The conference sessions I attended today went well, though some pertained more to my interests than others. With concurrent workshops it’s always a gamble.
MONEY MATTERS: A Fund-raising Workshop
Sheila Bishop, from the Civic Media Center in Gainesville, FL spoke on the topic of getting money donated to run your organization. I went to a similar session of hers last year, and a lot of it was repeat information. I was hoping that there would be more discussion on the issue of guilt that money creates within the independent world. I struggle with that myself, and I think it keeps people from making their projects the best they can be. As soon as money is involved it feels dirty — but organizations need money to continue existing. Even if money leads to slight compromise, perhaps it’s better to give a little than to no longer exist; or maybe that ruins the entire project.

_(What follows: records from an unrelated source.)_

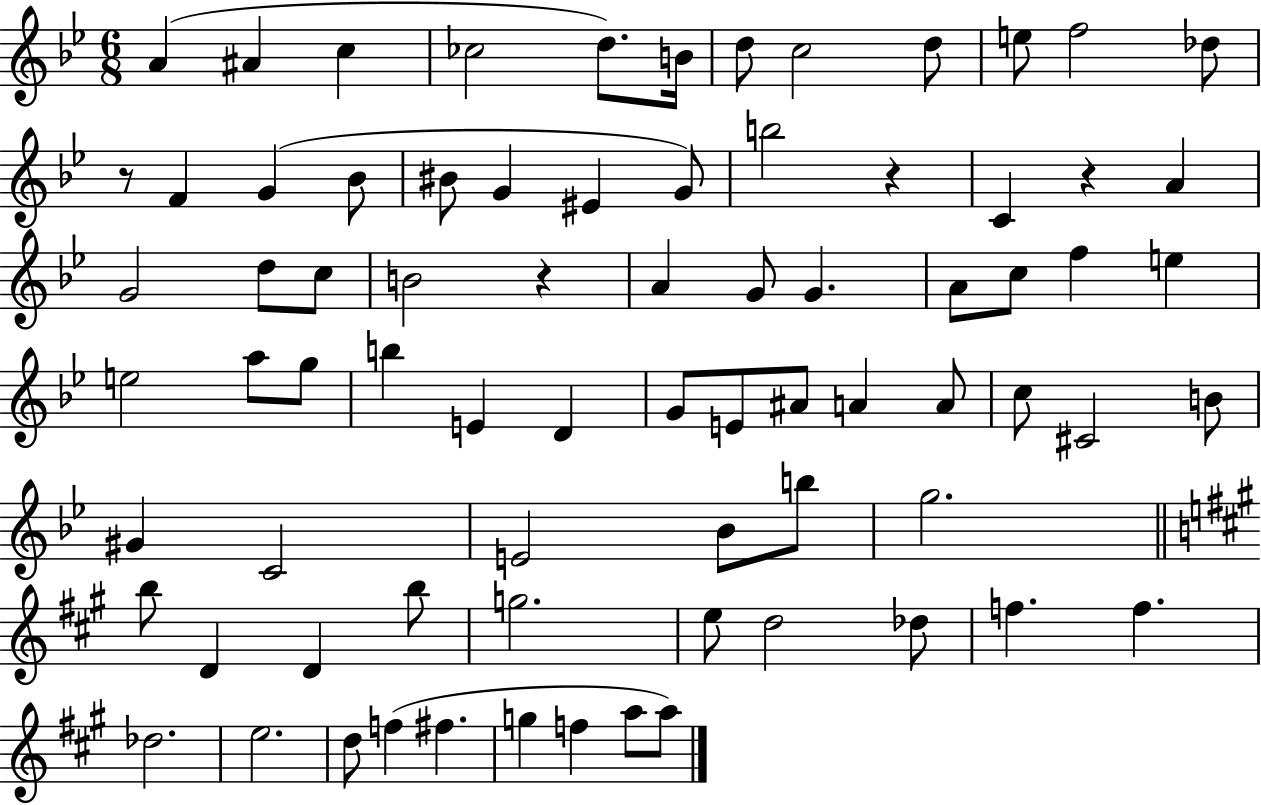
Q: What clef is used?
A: treble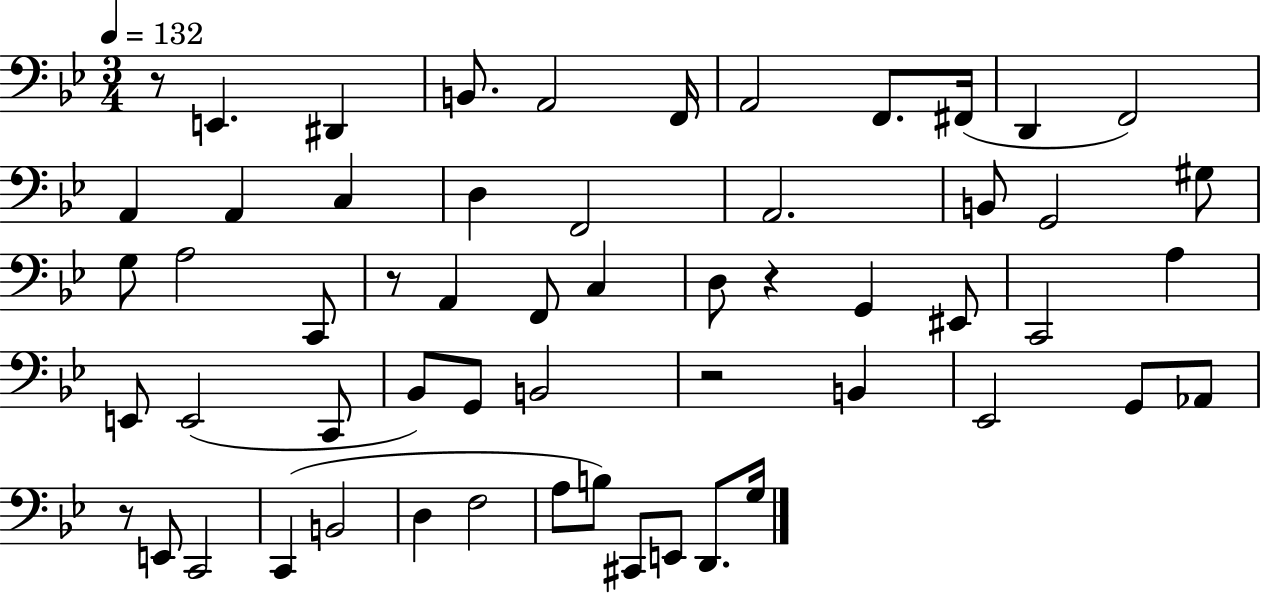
X:1
T:Untitled
M:3/4
L:1/4
K:Bb
z/2 E,, ^D,, B,,/2 A,,2 F,,/4 A,,2 F,,/2 ^F,,/4 D,, F,,2 A,, A,, C, D, F,,2 A,,2 B,,/2 G,,2 ^G,/2 G,/2 A,2 C,,/2 z/2 A,, F,,/2 C, D,/2 z G,, ^E,,/2 C,,2 A, E,,/2 E,,2 C,,/2 _B,,/2 G,,/2 B,,2 z2 B,, _E,,2 G,,/2 _A,,/2 z/2 E,,/2 C,,2 C,, B,,2 D, F,2 A,/2 B,/2 ^C,,/2 E,,/2 D,,/2 G,/4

I think this discussion will pick up tomorrow during the session called SELL OUT: Owning Up to the Marketing and Politics of Self-Publishing.

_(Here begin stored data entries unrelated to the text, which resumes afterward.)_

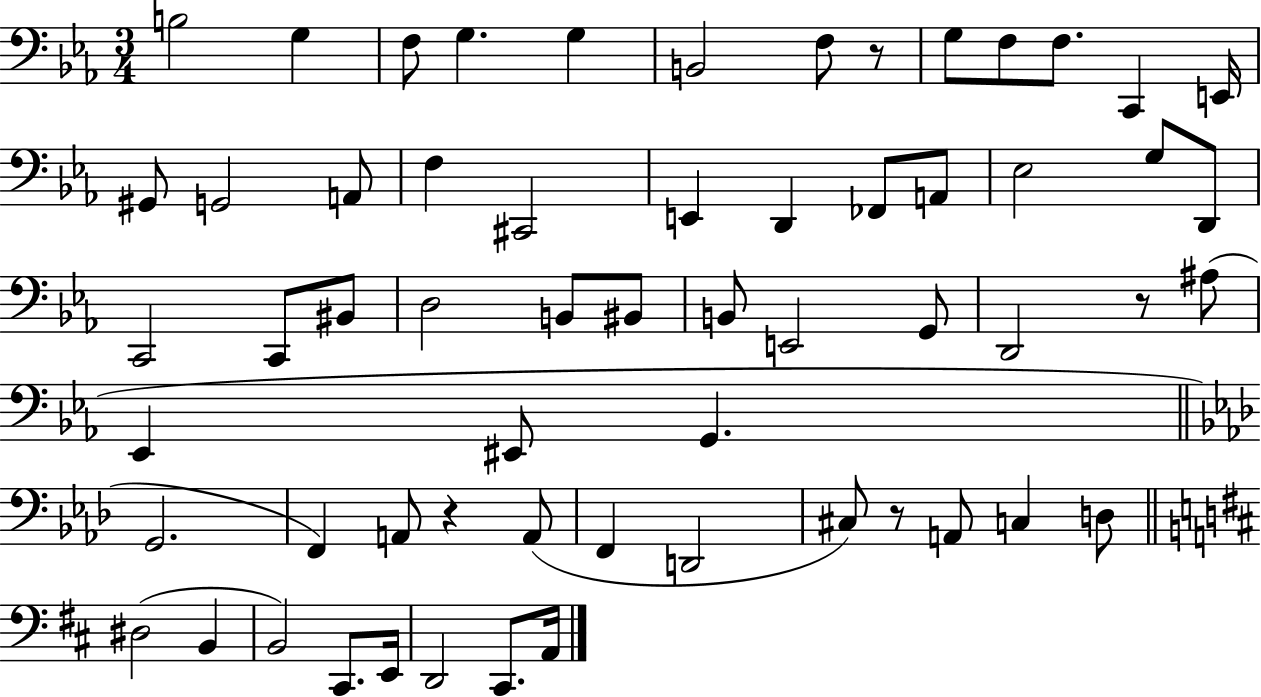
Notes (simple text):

B3/h G3/q F3/e G3/q. G3/q B2/h F3/e R/e G3/e F3/e F3/e. C2/q E2/s G#2/e G2/h A2/e F3/q C#2/h E2/q D2/q FES2/e A2/e Eb3/h G3/e D2/e C2/h C2/e BIS2/e D3/h B2/e BIS2/e B2/e E2/h G2/e D2/h R/e A#3/e Eb2/q EIS2/e G2/q. G2/h. F2/q A2/e R/q A2/e F2/q D2/h C#3/e R/e A2/e C3/q D3/e D#3/h B2/q B2/h C#2/e. E2/s D2/h C#2/e. A2/s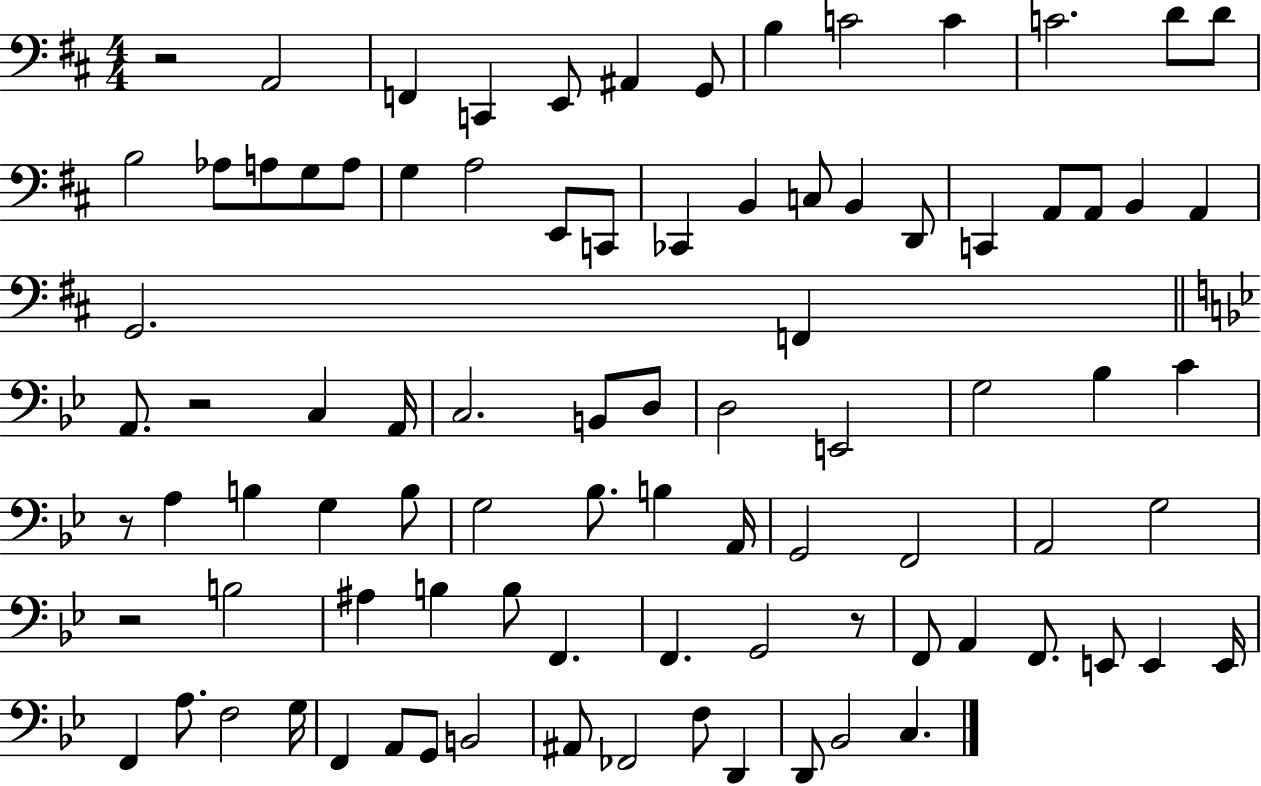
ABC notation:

X:1
T:Untitled
M:4/4
L:1/4
K:D
z2 A,,2 F,, C,, E,,/2 ^A,, G,,/2 B, C2 C C2 D/2 D/2 B,2 _A,/2 A,/2 G,/2 A,/2 G, A,2 E,,/2 C,,/2 _C,, B,, C,/2 B,, D,,/2 C,, A,,/2 A,,/2 B,, A,, G,,2 F,, A,,/2 z2 C, A,,/4 C,2 B,,/2 D,/2 D,2 E,,2 G,2 _B, C z/2 A, B, G, B,/2 G,2 _B,/2 B, A,,/4 G,,2 F,,2 A,,2 G,2 z2 B,2 ^A, B, B,/2 F,, F,, G,,2 z/2 F,,/2 A,, F,,/2 E,,/2 E,, E,,/4 F,, A,/2 F,2 G,/4 F,, A,,/2 G,,/2 B,,2 ^A,,/2 _F,,2 F,/2 D,, D,,/2 _B,,2 C,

Sheila is a really enthusiastic person about fund-raising, and had a ton of practical tips to do it effectively. There are so many hidden costs and legal parameters involved, particularly if you’re running a non-profit. We worked out a budget, and discussed what the best avenues for soliciting donations are. There was discussion of both minimum and goal based financial plans, as well as some real world examples.
HIP HOP ACTIVISM AS MEDIA ARTS FOR TRANSFORMATION
This panel didn’t really live up to its potential. Three presenters performed work and expounded on various things, but there was no real cohesiveness. It could have definitely used a moderator to keep everything on topic. The performances were basically spoken word, and the speakers seemed to differentiate little between that form and hip-hop music.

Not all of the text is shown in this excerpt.